Set $\psi(r) = \mu r^{\nu}$ for some fixed positive constants $\mu,\nu$. For a fixed $r > 0$, set $\psi = \psi(r)$.
Define, for any fixed $r > 0$,and $\delta \neq 0$, $h(z) = \delta \beta_{r} g(z)$, where $\beta_{r} = -(\log \psi)^{-1}[ 1 + (\log \psi)^{-1} R_0]$.
According to a textbook I am reading ("Condenser Capacities and Symmetrization in Geometric Function Theory" by Vladimir N. Dubinin), the following is true (here $U(z_0,\psi(2r))$ is the open disk center $z_0$ and radius $\psi(2r)$):
$\textbf{Problem statement}$
For $r > 0$ sufficiently small (and fixed), the boundary of $S = U(z_0, \psi(2r)) \cap \{h(z) > \delta \}$ is precisely $\partial S = U(z_0,\psi(2r)) \cap \{h(z) = \delta \}$. But no explanation is provided.
I fail to see why this is true, and if something significant in the definition of $h$ is needed to establish this.

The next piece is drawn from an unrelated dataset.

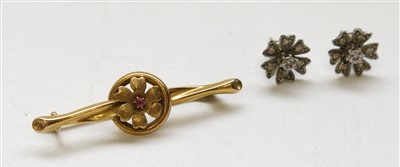 Lot 2768 - A pair of white gold flower head earrings and...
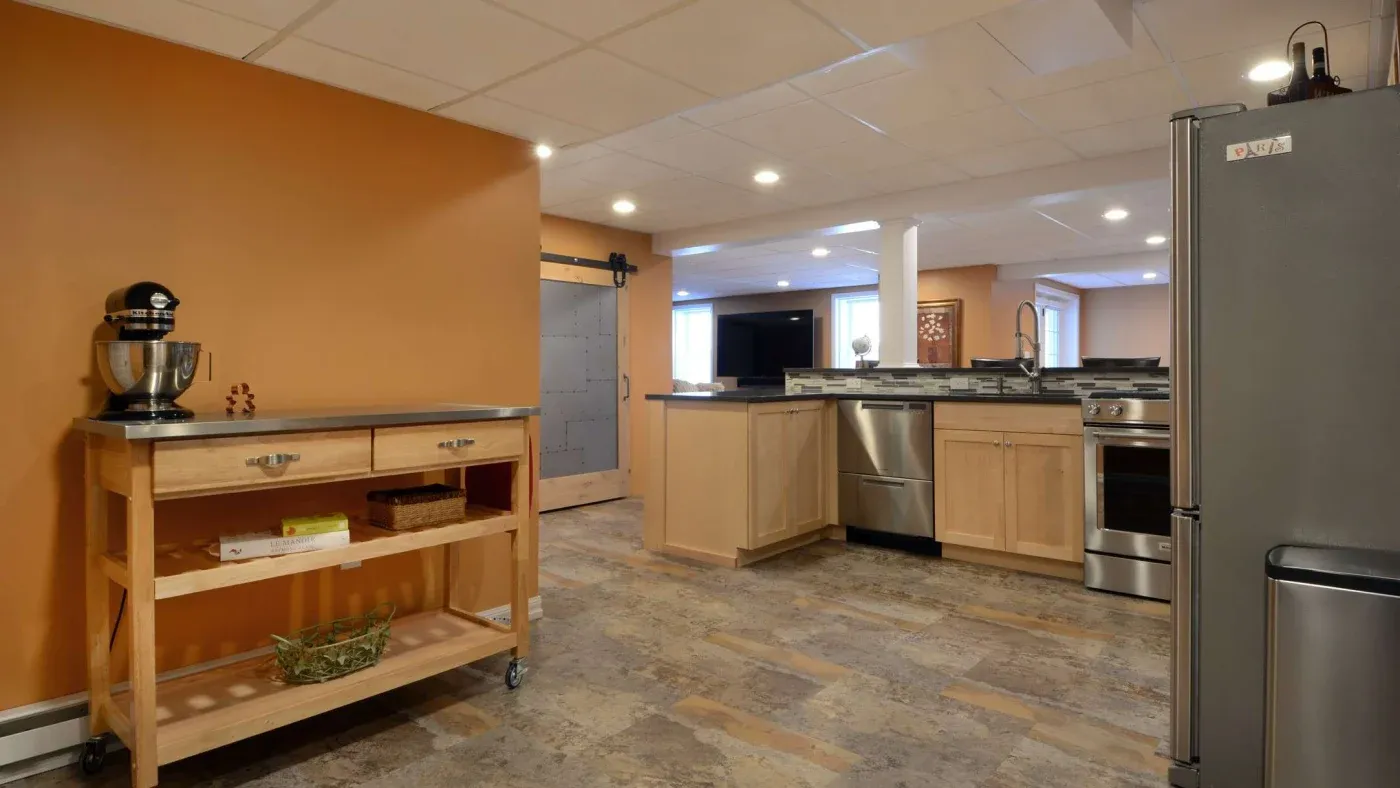 Spacious kitchen with warm orange walls, featuring stainless steel appliances, wooden cabinetry, a rolling cart with a mixer, and tile flooring. Cozy and modern.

As far as I can see, $h$ is the same as $g$ up to a factor, and thus near $z_0$ , $h$ has a logarithmic singularity, so it should be the case that in an entire closed disk of sufficiently small radius the intersection is wholly empty, or $S$ is the entire open disk $U(z_0, \psi(2r))$.
This book is not well known and there may well be a typo here, but I believe that the statement being made here is at least close to one which is correct, either that or I am failing to comprehend what the author is really trying to say.
My suspicion (based on a rough calculation that I needed to do manually) is that on $\partial U(z_0, \psi(2r))$, $\beta_r g = 1 + \frac{\nu \log 2 + o(1)}{\log \mu + \nu\log r} + O((\frac{1}{\log(r)})^2) < 1$ for $r>0$ small. Therefore $h = \delta \beta_{r} g < \delta$ on the boundary of $U(z_0, \psi(2r))$ for $r > 0$ small, which implies the desired result.
However I hesitate to believe this just yet, and the calculation itself is messy, so I leave the question open in case there is an easier solution.